Well, it did not work out that way. President Truman left office in January 1953 and the Korean War ground to an inconclusive halt in July 1953. The military voting issue fell off our national radar screen until November 2000, when late-arriving military absentee ballots played a crucial role in determining the outcome of the Florida nail-biter. Please see Law Review 23 (March 2001) for a detailed description of this Florida 2000 issue.

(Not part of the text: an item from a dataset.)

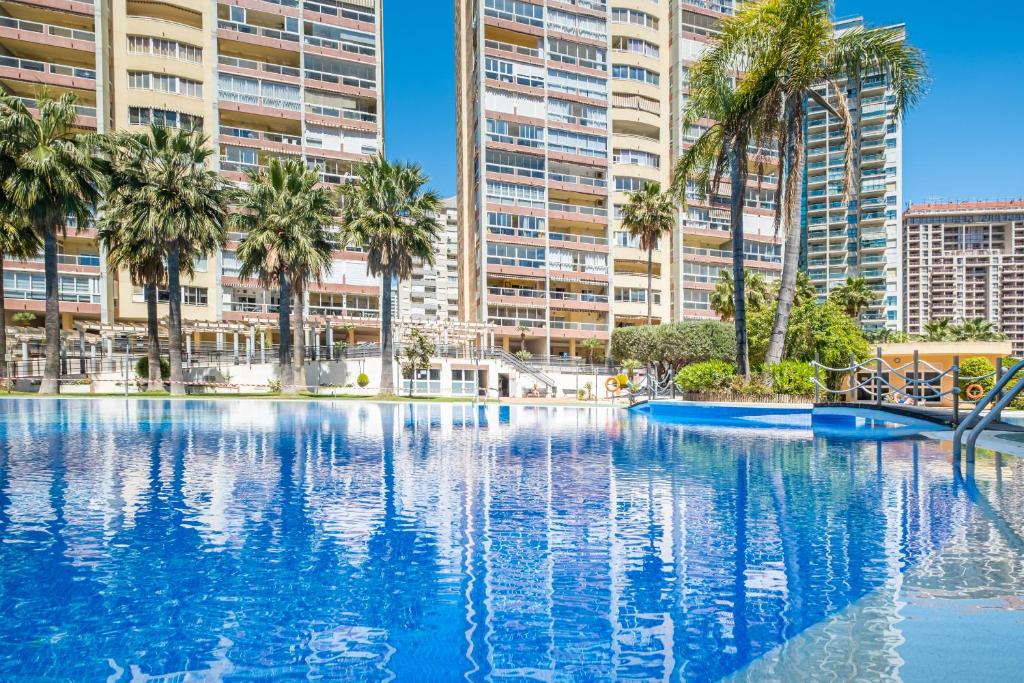 ビリャホヨサにあるCala Palmera 10-C Apartment Playa La Cala Beachのヤシの木と建物のあるスイミングプール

I invite the reader’s attention to www.roa.org. Click on “Service Members Law Center.” You will find a “Law Review Library” with almost 800 articles about military voting rights, reemployment rights, and other military-legal topics, along with a detailed Subject Index and a search function, to facilitate finding articles about very specific topics. I initiated this column in 1997, and we add new articles each week.
There have been enormous improvements in communications technology in the last six decades, but absentee voting is still being conducted essentially as it was in 1952, by shipping pieces of paper across oceans and continents by snail mail. As you can imagine, there are three time-consuming steps in absentee voting. First, the absentee ballot request must travel from the voter to the LEO. Second, the unmarked ballot must travel from the LEO to the voter. Finally, the marked ballot must travel from the voter to the LEO, perhaps thousands of miles away. Each of these steps can take weeks if snail mail must be used, but only second if secure electronic means have been authorized.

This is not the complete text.